Nel film che le ha fatto guadagnare il premio della regia all’ultimo festival del cinema di Venezia, Jane Campion decostruisce il genere western fiaccandone l’epica eroica e la violenza, riducendo quest’ultima alla psicologia di un torbido contesto familiare allargato.
Il Montana degli anni venti mostrato dal film è imperiosamente statico, immortalato da una fotografia naturalista e desaturata, e la vita dei mandriani è ripetitiva e priva di ogni slancio epico, ritorta sulla memoria di quella che era una volta la vita di frontiera.

Il Phil di Benedict Cumberbatch (alla sua migliore interpretazione di sempre?) non è un predone alla conquista di scalpi, ma un capriccioso e viscido manipolatore che mina la tranquillità  della sua famiglia, vista come una sorta di regno, per esercitare una necessità  di controllo che nasce dalla frustrante castrazione della sua vera essenza. La miccia che scatena la sua violenza è infatti l’arrivo nella tenuta di famiglia della moglie del fratello e del suo figlio efebico.

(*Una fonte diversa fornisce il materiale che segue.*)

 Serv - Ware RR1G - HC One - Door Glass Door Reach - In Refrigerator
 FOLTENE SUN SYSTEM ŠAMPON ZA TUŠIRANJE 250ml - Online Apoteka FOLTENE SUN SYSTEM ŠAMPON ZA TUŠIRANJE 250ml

Nulla viene mai mostrato con chiarezza nel western della Campion, ma sottaciuto, accennato, lasciato accadere fuori lo schermo. Proprio come succede nella vita nascosta dei protagonisti.
L’espediente, insieme a stretti primi piani sui volti accigliati dei personaggi e alla musica tesa e misteriosa di Johnny Greenwood, instillano curiosità  e fanno vivere allo spettatore le angosce intime di un mondo al suo crespuscolo.